They’ve been corrupted by all the dead alien Matrioshka civilizations
they’ve come into contact with, but they’re reasonably safe if all you
want to use them for is to cannibalize them for wormholes and tunnel
dumb mass from point to point.” He searches for a metaphor: “Like
using your, uh, internet, to emulate a nineteenth-century postal
service.”
“O-kay.” Manfred looks thoughtful, as he usually does at this point in
the conversation - which means Sirhan is going to have to break it to
him that his first thoughts for how to utilize the gates have already
been done. They’re hopelessly old hat. In fact, the main reason why
Manfred is still dead is that things have moved on so far that, sooner
or later, whenever he surfaces for a chat, he gets frustrated and
elects not to be reincarnated. Not that Sirhan is about to tell him
that he’s obsolete - that would be rude, not to say subtly inaccurate.

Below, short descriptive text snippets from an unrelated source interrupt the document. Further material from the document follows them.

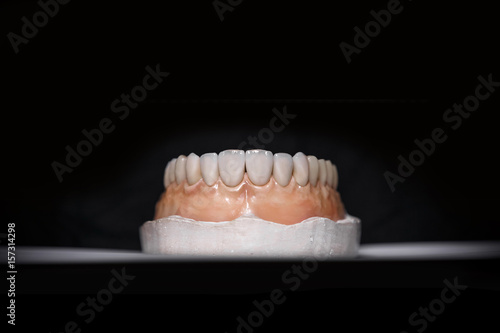 Ceramic teeth dental crowns on model, metal free - front view . Ceramic front veneers isolated on black background. Metal-Ceramic crowns on gypsum model in dental laboratory.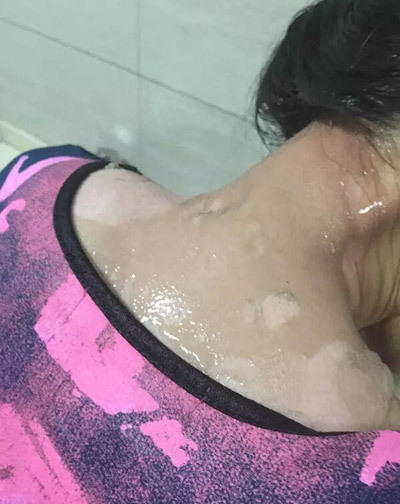 女子遭服務員潑熱湯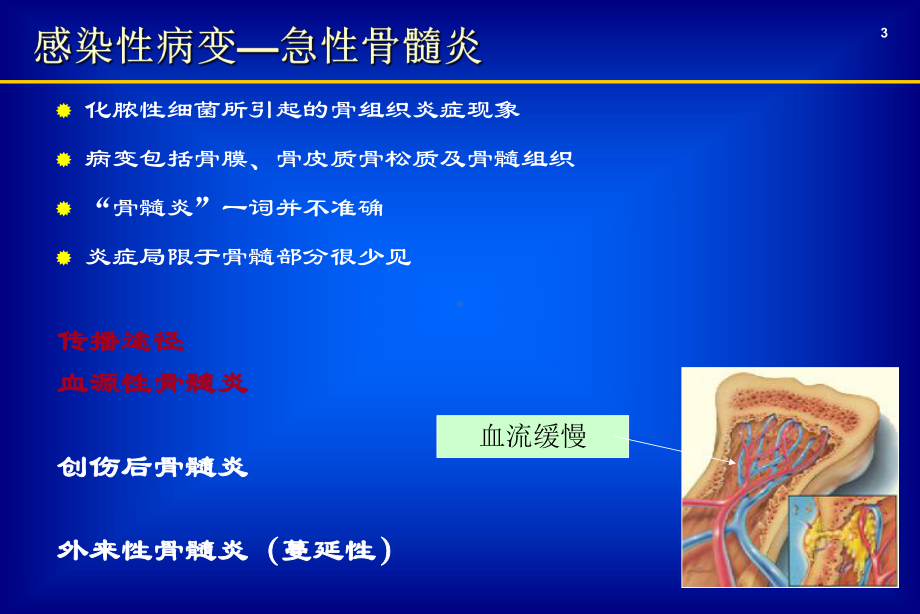 关节炎-浙江大学课件.ppt_第3页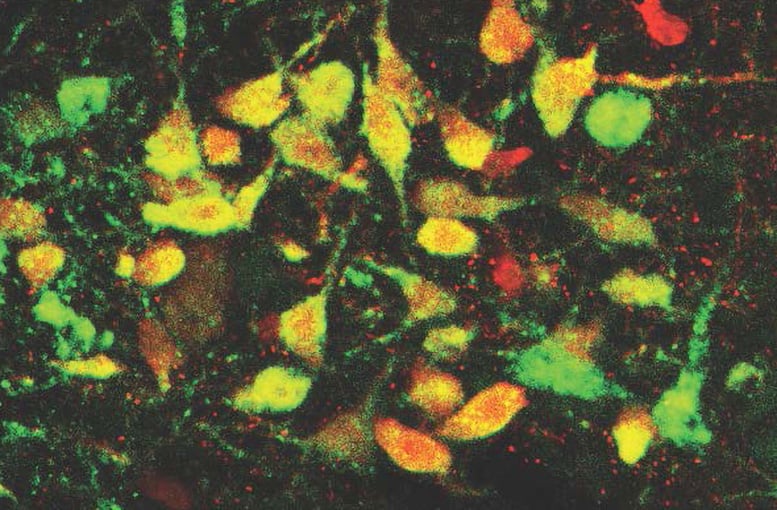 Dorsal-Raphe.jpg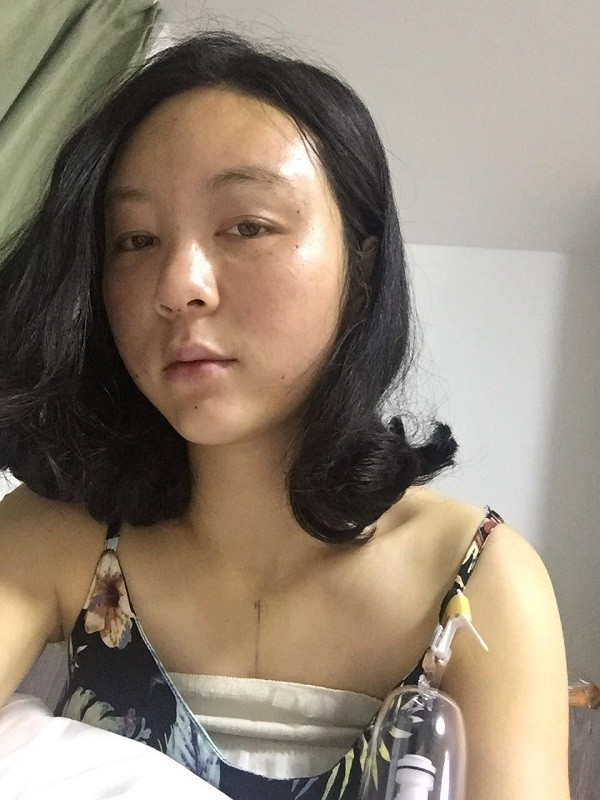 大家新年好呀!2018年我来给你们分享我的自体脂肪填充脸部案例啦~~素颜照、美照都有哦,嘻嘻(#^.^#)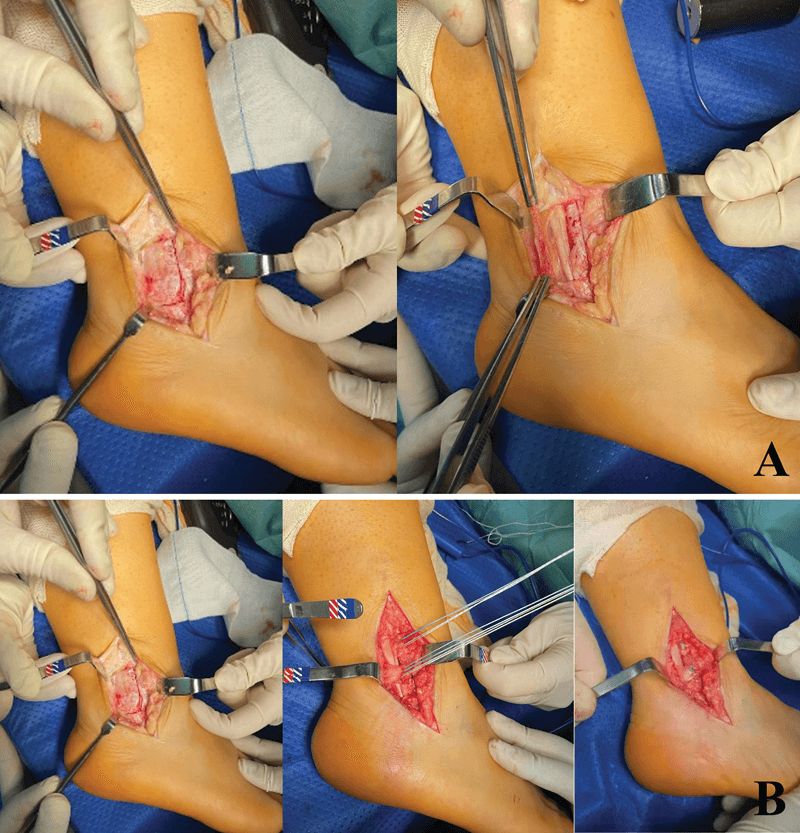 Operative sequence of superior peroneal retinaculum flap retinaculoplasty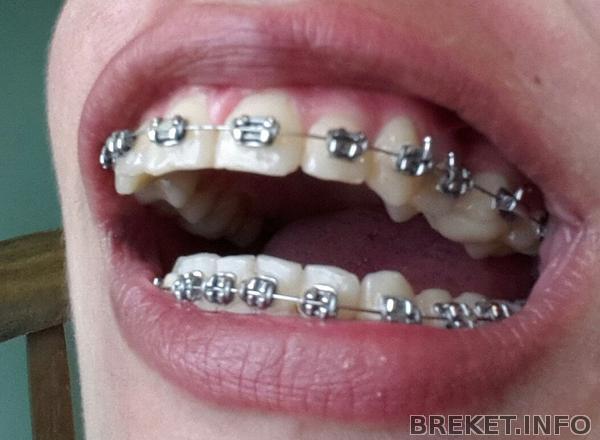 наклеили брекет на 4 слева.jpg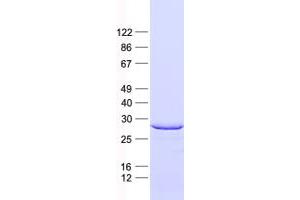 Validation with Western Blot (Stanniocalcin 1 Protein (STC1) (His tag))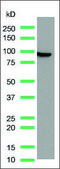 Anti-Villin antibody, Rabbit monoclonal recombinant, expressed in proprietary host, clone SP145, affinity isolated antibody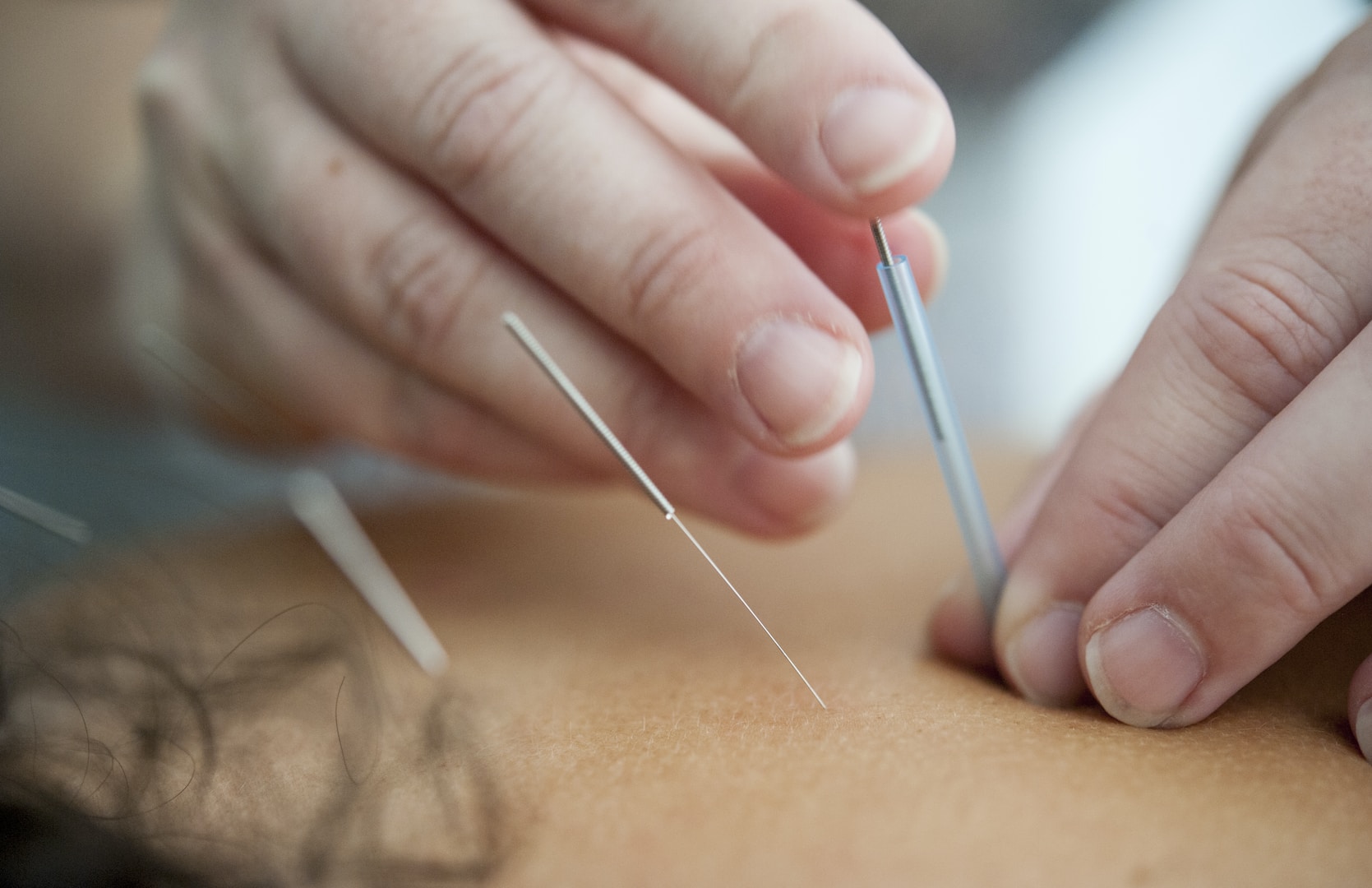 acupuncture holistic healing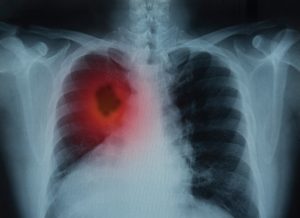 An X-ray of a patients lungs that shows lung cancer.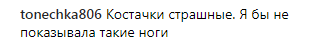 "Как у мужика!" Обнаженные ноги Лободы вызвали споры в сети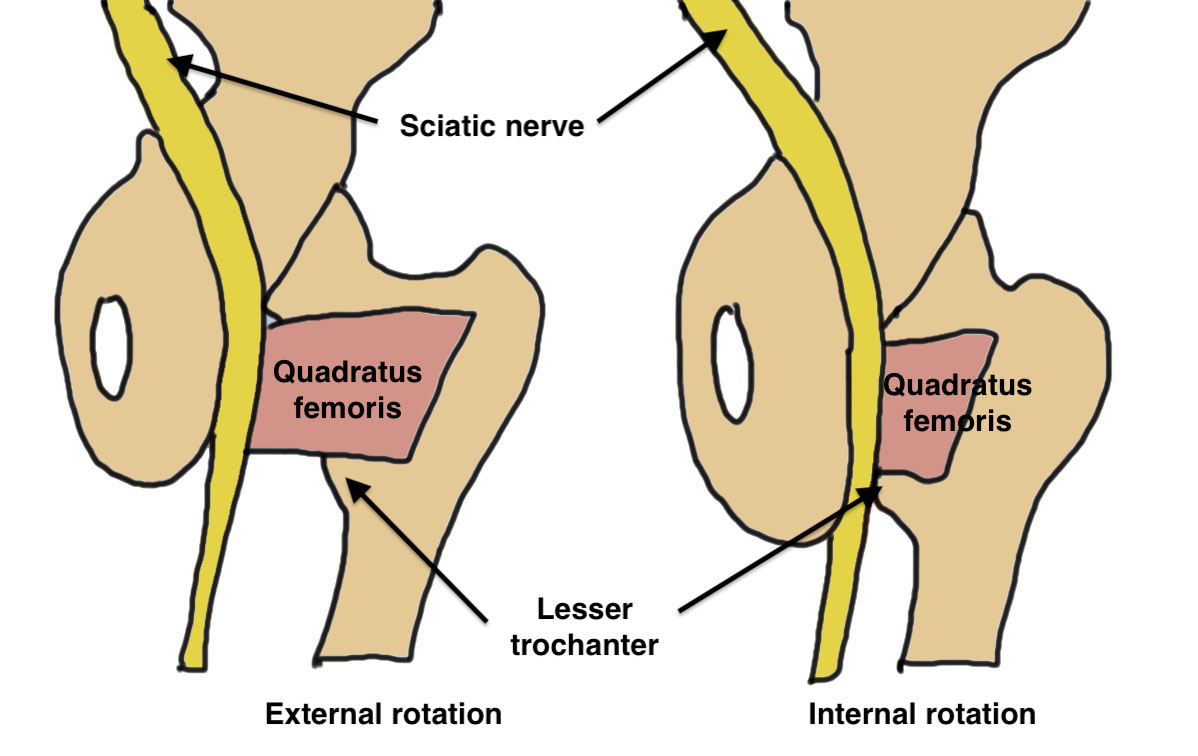 Ischiofemoral impingement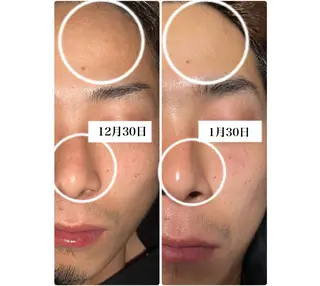 ROR Akariのエステ・リラクイメージ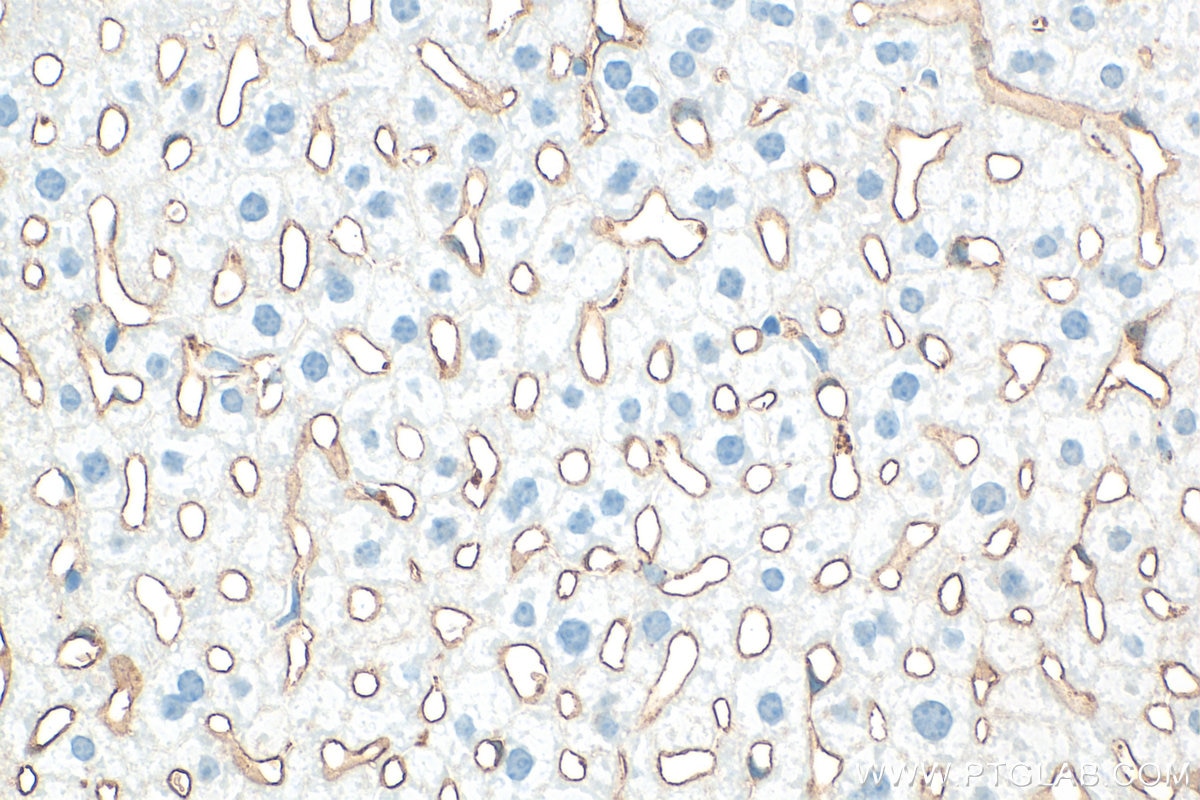 Immunohistochemical analysis of paraffin-embedded mouse liver tissue slide using 32731-1-AP (CD36 antibody) at dilution of 1:2000 (under 40x lens). Heat mediated antigen retrieval with Tris-EDTA buffer (pH 9.0). Immunohistochemistry (IHC) staining of mouse liver tissue using CD36 Polyclonal antibody (32731-1-AP)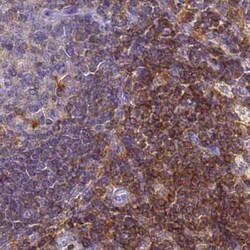 BIN2 Antibody, Novus Biologicals 25 &mu;L, Unconjugated:Antibodies, Polyclonal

“That raises some interesting possibilities. I wonder, has anyone -”
“Sirhan, I need you!”
The crystal chill of Rita’s alarm and fear cuts through Sirhan’s
awareness like a scalpel, distracting him from the ghost of his
ancestor. He blinks, instantly transferring the full focus of his
attention to Rita without sparing Manfred even a ghost.
“What’s happening -”
He sees through Rita’s eyes: a cat with an orange-and-brown swirl on
its flank sits purring beside Manni in the family room of their
dwelling. Its eyes are narrowed as it watches her with unnatural
wisdom. Manni is running fingers through its fur and seems none the
worse for wear, but Sirhan still feels his fists clench.
“What -”
“Excuse me,” he says, standing up: “Got to go. Your bloody cat’s
turned up.” He adds “coming home now” for Rita’s benefit, then turns
and hurries out of the temple concourse. When he reaches the main
hall, he pauses, then Rita’s sense of urgency returns to him, and he
throws parsimony to the wind, stepping into a priority gate in order
to get home as fast as possible.
Behind him, Manfred’s melancholy ghost snorts, mildly offended, and
considers the existential choice: to be, or not to be. Then he makes a
decision.
*
Welcome to the twenty-third century, or the twenty-fourth. Or maybe
it’s the twenty-second, jet-lagged and dazed by spurious suspended
animation and relativistic travel; it hardly matters these days.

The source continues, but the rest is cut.